No hace falta ejemplificar mucho para convencerlos de que la gente se indigna por bobadas. Llevo contados los últimos 10 años de mi vida, con sus días y sus noches, disculpándome con todo tipo de personas y comunidades por comentarios, memes, tuits, apuntes y cuanta forma de expresión me salga de los dedos y la boca, todo porque me reniego a fusilar mis líneas con los clásicos «Es molestando» o «No mentiras», los mismo que matan el chiste al hacerlo explicativo y literal.

Sí, soy un purista de la comedia, y desde que a la gente se le dio por indignarse con un bobalicón como yo, que además de imprudente e ignorante tiene mala memoria para los insultos, no me queda nada más que indignarme también. Ahora ya no se puede opinar ni bromear con nada, porque estamos en un punto de sobrevaloración y de ego humano tan peligroso, que el ídolo falso de uno mismo se incomoda ante la más mínima contracorriente. Es entonces cuando entiendo la importancia de ofrecer disculpas y pedir perdón, porque es la forma de reivindicarse y hacer borrón y cuenta nueva.

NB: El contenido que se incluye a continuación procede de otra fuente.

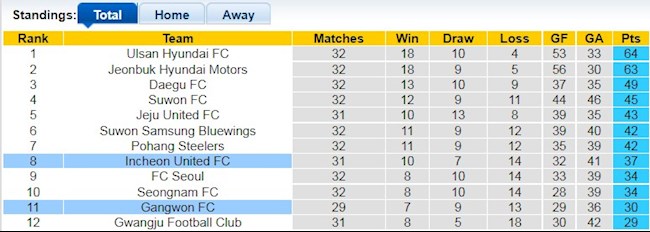 Bảng xếp hạng giải VĐQG Hàn Quốc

Pedir perdón ya me es costumbre, es casi como una muletilla. Debe ser por eso que me la paso embarrándola, porque sé que es un recurso habitual que me va fluyendo. Tal vez esa es la razón de por qué me cuesta tanto socializar, porque estoy convencido de que la gente se va a tomar todo lo que digo de maneras tan literales como aterradoras, y me va a tocar ofrecer disculpas. Pienso en ello ahora que estoy estrenando equipo freelancero, y la verdad cuando nos juntamos procuro no hablar mucho porque no sé a quién pueda terminar ofendiendo sin querer queriendo, ya sea con el hecho sencillo de respirar o reír, o existir, que es como nos pasa a muchos de nosotros con quien nos incomoda.

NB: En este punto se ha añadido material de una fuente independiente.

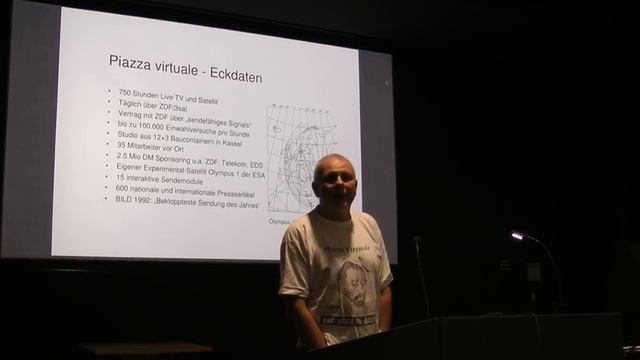 Medien, die wir meinen - Benjamin Heidersberger: "Van Gogh TV - Piazza virtuale" смотреть онлайн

Lo peor es que la indignación crece cuando la imprudencia sale de un ser que dice seguir a Jesús, como yo. Es tal el grado de aversión que se levanta entre la gente, que sinceramente me dan ganas de irme caminando a la casa, pensando por qué no somos capaces de aguantar sin lloriquear la opinión de otro. Si lo que otros dijeran fuese lo que me hubiera dado identidad, sería hipster, cristiano humanista, periquero, morboso y morrongo, además de fascista y chismoso. Me cuesta, porque la gente cree que por ser cristiano uno no puede hacerle bromas a un oficinista gay, no por gay, sino por oficinista. Y así con todo.

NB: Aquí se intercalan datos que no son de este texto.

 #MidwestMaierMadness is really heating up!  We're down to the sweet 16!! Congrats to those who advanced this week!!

Al paso que vamos, perderemos la poca capacidad reflexiva que nos da el otro, quien desde afuera nos ve mucho mejor. No sé si lo que nos lleva a indignarnos es el miedo a descubrirnos desde afuera, o tal vez la insatisfacción frustrante de que el otro tenga razón y se nos desbarate la miserableza de creernos el centro del universo cuando no somos ni basura cósmica. Todo esto para pedirles, humanos a quienes he ofendido, perdón. Perdón sincero, porque cuando opino no lo hago buscando incomodarles, o por lo menos no tan de frente como si fuesen insultos a sus progenitoras.

Es entonces que recuerdo una frase que le oí a Diego Camargo: «Comediante que no se mete en problemas, no es comediante». Creo que ya tengo el primer requisito, ahora a plasmarlo todo en rutinas y entradas que no hagan daño. Una vez más, perdón por este final de entrada tan mediocre. Perdóname mamá. Perdóname Chespirito. Perdóname Jesús.